In November 2002, the GNWT signed a Memorandum of Intent with the Fort Providence Combined Council Alliance for the construction of the Deh Cho Bridge. MLAs conducted public hearings in Fort Providence, Behchoko, and Yellowknife on the proposal, and there was widespread public support.

In June 2003, the Deh Cho Bridge Act was passed, which authorized the Minister of Transportation to enter into a Concession Agreement for the Deh Cho Bridge project. The proposal went through the environmental assessment and regulatory process in 2004, with no significant environmental issues identified. In March 2005, the Minister of Indian and Northern Affairs accepted the Report of the environmental assessment for the Deh Cho Bridge.  By July, 2005, DCBC was issued a water licence and land use permit for the construction of the bridge.  A Navigable Waters Protection Act approval was issued in October 2005.

In May 2005, the community held a planning meeting to plan for opportunities that were expected to arise from the construction of the Deh Cho Bridge. By October 2005, the project was ready to be tendered. There was only one bidder, and the bid was rejected due to price. A re-tender of the project in February 2006 was also unsuccessful due to high prices. Without additional financial commitments, the project was not considered viable.

In March 2007, the GNWT made a commitment to provide a $2 million annual subsidy, in addition to its earlier commitments, to move the project forward. This was sufficient for the community to sign the Concession Agreement with the GNWT and a contract with Atcon Construction to construct the Deh Cho Bridge. A community celebration was held on August 24, 2007 to mark the official start of construction.

The community through the Deh Cho Bridge Corporation was responsible for Phase 1 of the project. When it became evident that DCBC did not have the capacity to deliver the project on budget, the GNWT acted under the Concession Agreement to replace DCBC as the project manager. The Department of Transportation is now responsible for on-site construction of the Deh Cho Bridge.

On Friday, June 18th, 2010, the GNWT and community leaders signed agreements setting out the terms of the transition from DCBC to GNWT responsibility for the Deh Cho Bridge project, including the termination of the Concession Agreement. Under the Letter Agreement, the GNWT acquires full control of the bridge project, and becomes owner of the bridge and related works. Ownership of intellectual property and DCBC equity is transferred to the GNWT, and the possibility of further delays to the project and claims due to litigation between the parties is eliminated.

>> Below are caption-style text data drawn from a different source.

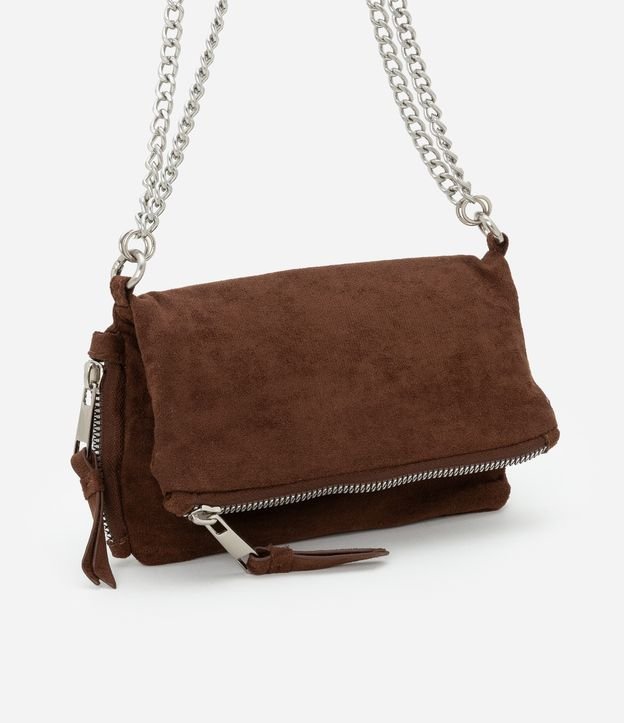 Carteira Envelope Grande em PU com Zíper e Alça de Corrente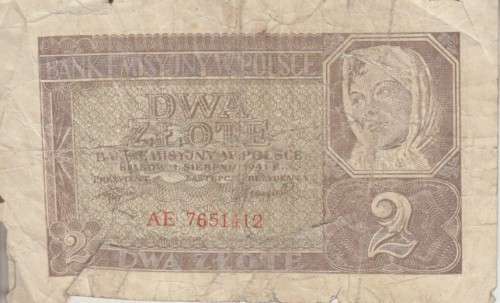 WORLD WAR 2 - POLAND 2 ZLOTE 1941 P100 VG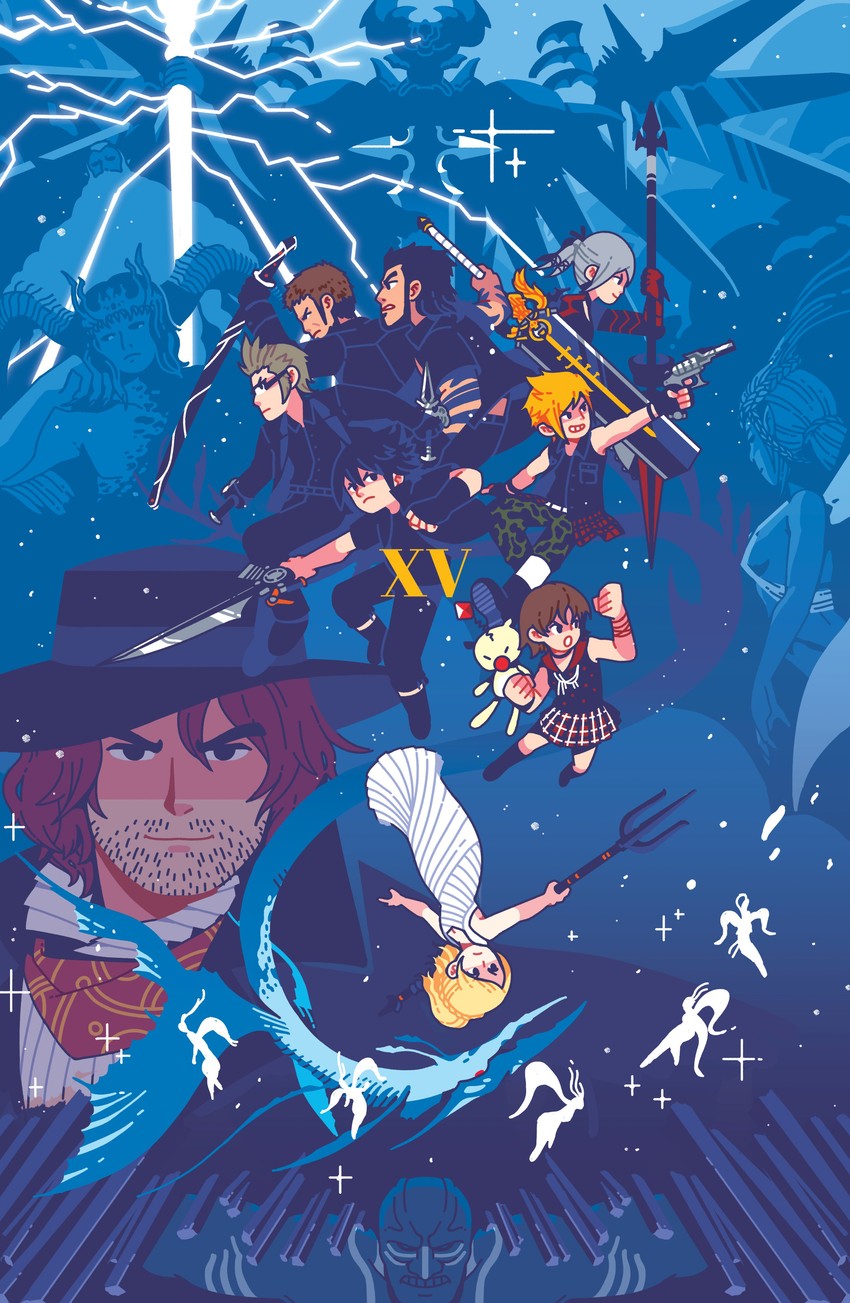 moogle, noctis lucis caelum, gladiolus amicitia, prompto argentum, ignis scientia, and 11 more (final fantasy and 1 more) drawn by byronb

The agreements also speak to the ongoing role of the community in the Deh Cho Bridge project. The Community Opportunities and Involvement Agreement honours the GNWT’s commitment to ensure the community of Fort Providence benefits from opportunities arising from the construction and use of the Deh Cho Bridge. Under the agreement, the community is to receive a grant of $8000 per month during construction to promote community involvement in the project, and a grant of $200,000 per year (totalling  $7 million over 35 years) during operation of the bridge to create community benefits and economic opportunities related to the bridge.


The GNWT takes over responsibility from DCBC for the operation and maintenance of the bridge, allowing for own-force operation which will reduce administrations costs (estimated at $50,000 per year) and reduced insurance premiums (for a savings estimated at $300,000 per year). Return on equity payments to DCBC required under the Concession Agreement are eliminated (for minimum annual savings of $63,000 to as much as $660,000). The GNWT will be able to downscale the toll count and classification system and reporting requirements, reducing GNWT capital and operation costs. There will also be overall gains in project efficiencies with the reduction in duplicate legal, engineering and project management services.


The GNWT expects to continue a productive working relationship with the community of Fort Providence on opportunities arising from the Deh Cho Bridge throughout its 75-100 year expected lifespan.